What you are asked to do
Set down each line from the line holding "Apartment A1, for 5 persons" to the last line of the entries below, exactly, with both ends included and without pictures.

---+---

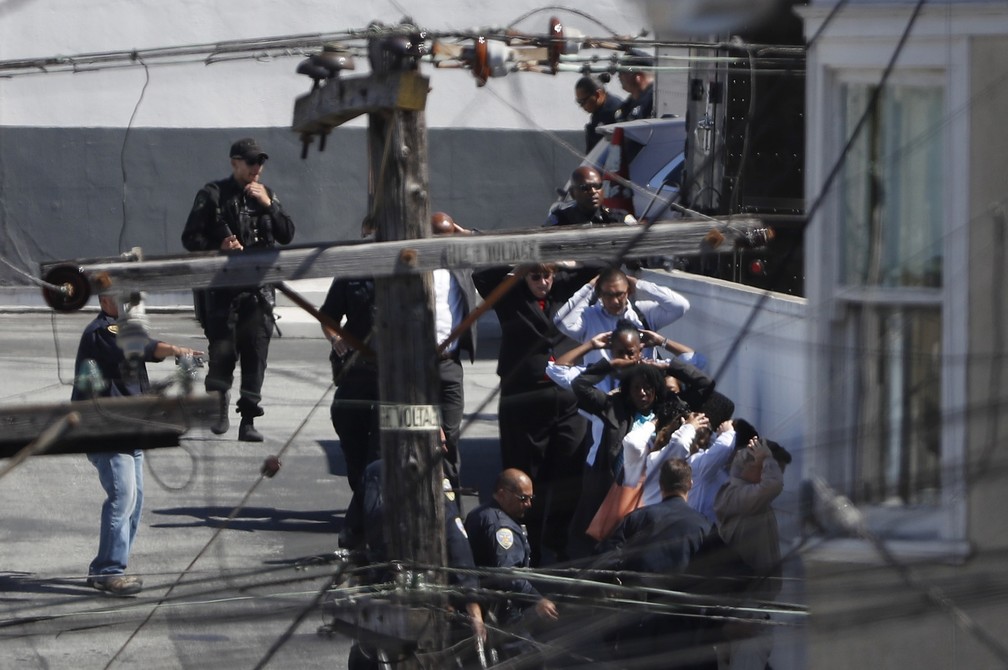 Polícia evacuou o prédio após disparos  (Foto: Stephen Lam TPX IMAGES OF THE DAY/Reuters)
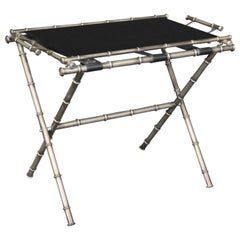 Table basse en acier et faux bambou fumé de style Maison Bagues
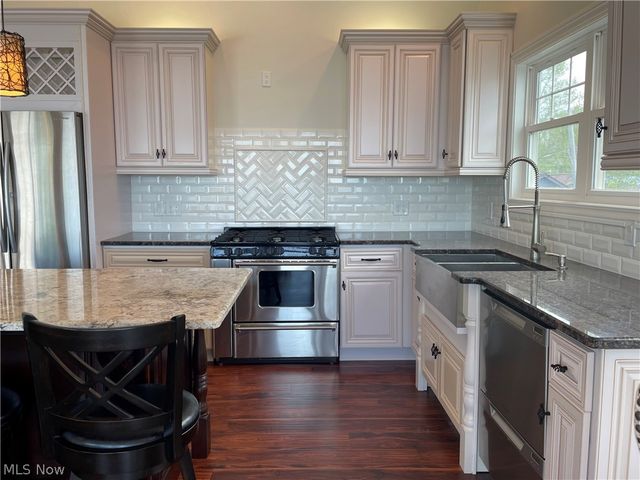 35685 Galalina Boulevard, Eastlake, OH 44095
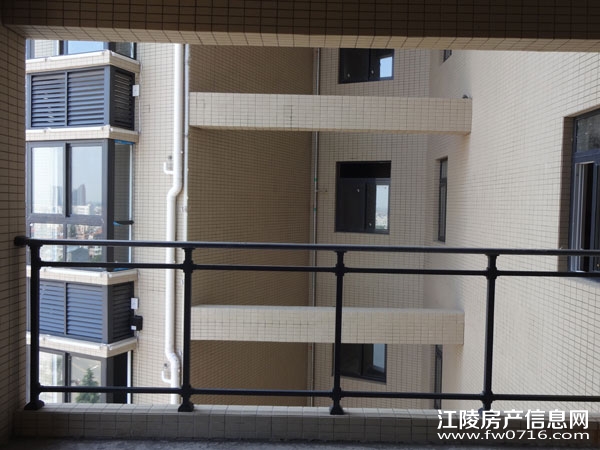 ���ݽ����غ�Ե����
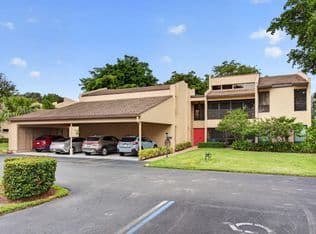 3-bedroom Condo — 6421 PUMPKIN SEED Circle #217, Boca Raton, 33433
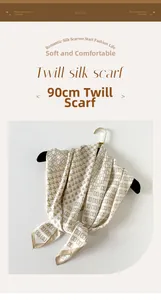 Détail d'un carré de soie en sergé de 90 cm avec motifs de chaînes et imprimé pied-de-poule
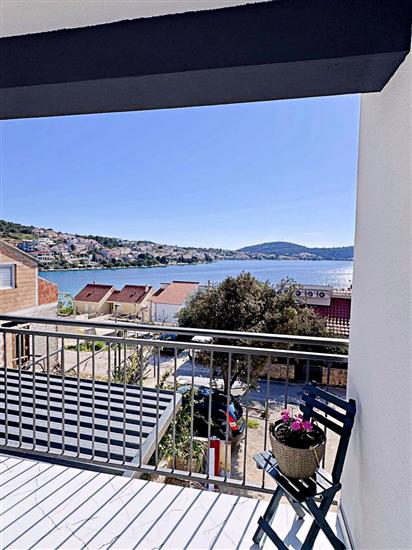 Apartment A1, for 5 persons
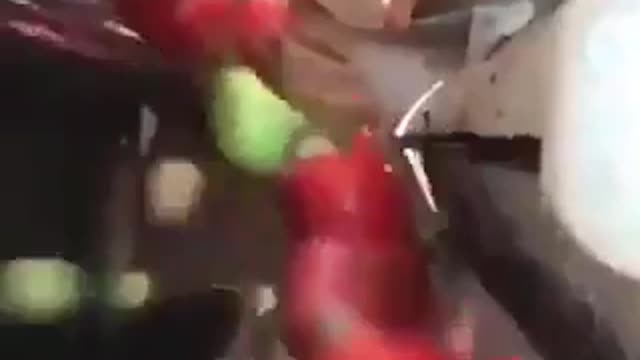 Vegetable and fruit automatic sorting machine, as long as the red...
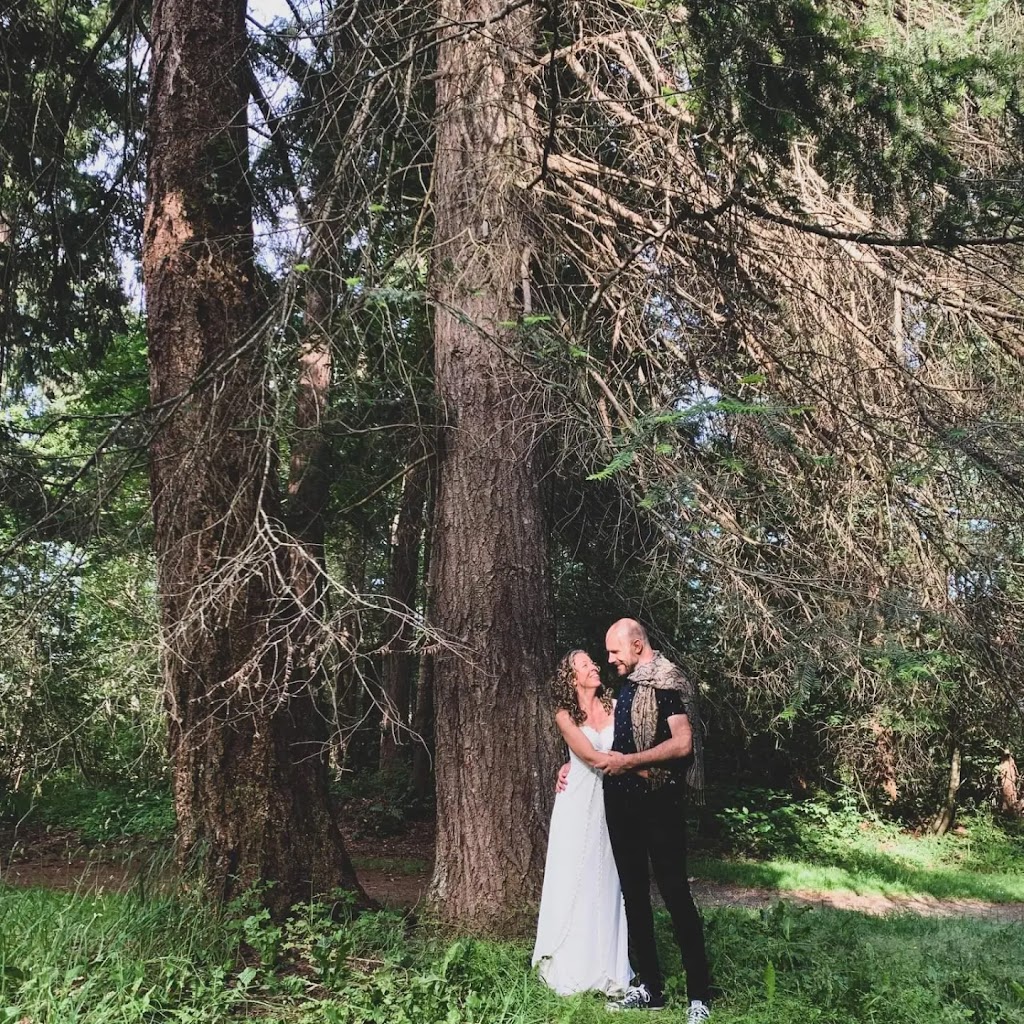 A Lifetime to Celebrate | 1155 Webdon Rd, Courtenay, BC V9N 9K7, Canada | Phone: (236) 255-3407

---+---

Task solution
 Apartment A1, for 5 persons
 Vegetable and fruit automatic sorting machine, as long as the red...
 A Lifetime to Celebrate | 1155 Webdon Rd, Courtenay, BC V9N 9K7, Canada | Phone: (236) 255-3407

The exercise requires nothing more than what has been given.